WHO revised its guidelines earlier this year, to ensure quality PMTCT services for HIV-positive pregnant women and their infants. In low- and middle-income countries, 53 per cent of pregnant women living with HIV received ARVs to prevent mother-to-child transmission in 2009 compared to 45 per cent in 2008. One of the most significant increases occurred in eastern and southern Africa, where the proportion jumped 10 percentage points, from 58 per cent in 2008 to 68 per cent in 2009.
“We have strong evidence that elimination of mother-to-child transmission is achievable,” WHO Director-General Margaret Chan said. “Achieving the goal will require much better prevention among women and mothers in the first place.”
WHO also issued new ARV guidelines for treating infants and children, paving the way for many more children with HIV to be eligible for immediate antiretroviral treatment (ART).
In low- and middle-income countries, the number of children under the age of 15 who received treatment rose from 275,300 in 2008 to 356,400 in 2009. This increase means that 28 per cent of the 1.27 million children estimated to be in need of ART receive it.
Infants are particularly vulnerable to the effects of HIV, which has lent urgency to the global campaign for early infant diagnosis. While the availability of early infant diagnosis services has increased dramatically in many countries, global coverage still remains low, at only 6 per cent in 2009. Without treatment, about half of the infected infants die before their second birthday.
In most parts of the world, new HIV infections are steadily falling or stabilizing. In 2001, an estimated 5.7 million young people aged 15–24 were living with HIV. At the end of 2009, that number fell to 5 million. However, in nine countries -- all of them in southern Africa -- at least 1 in 20 young people is living with HIV.
Young women still shoulder the greater burden of infection, and in many countries women face their greatest risk of infection before age 25. Worldwide, more than 60 per cent of all young people living with HIV are female.
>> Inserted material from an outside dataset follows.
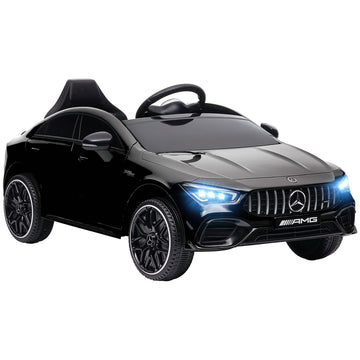 Mercedes-Benz AMG CLA 45 Licensed 12V Kids Electric Car Ride on Car w/ Remote, Suspension Lights Music Horn - Black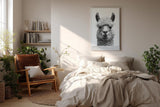 Paul Sinus Wandbild in 40x60cm Bad Hair Llama – humorvolles Lama-Porträt in Schwarz-Weiß mit witzigem Ausdruck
In sub-Saharan Africa, that figure is nearly 70 per cent.
“We need to address gender inequalities, including those that place women and girls at disproportionate risk to HIV and other adverse sexual and reproductive health outcomes,” Unesco Director General Irina Bokova said. “While we are encouraged by a decline in HIV incidence among young people of more than 25 per cent in 15 key countries in sub-Saharan Africa between 2001 and 2009, we must do everything possible to sustain and increase such positive trends in order to achieve universal access to prevention, treatment, care and support.”
Adolescents are still becoming infected with HIV because they have neither the knowledge nor the access to services to protect themselves. “We must increase investments in young people’s education and health, including sexual and reproductive health, to prevent HIV infections and advance social protection,” UNFPA Executive Director Thoraya Ahmed Obaid said.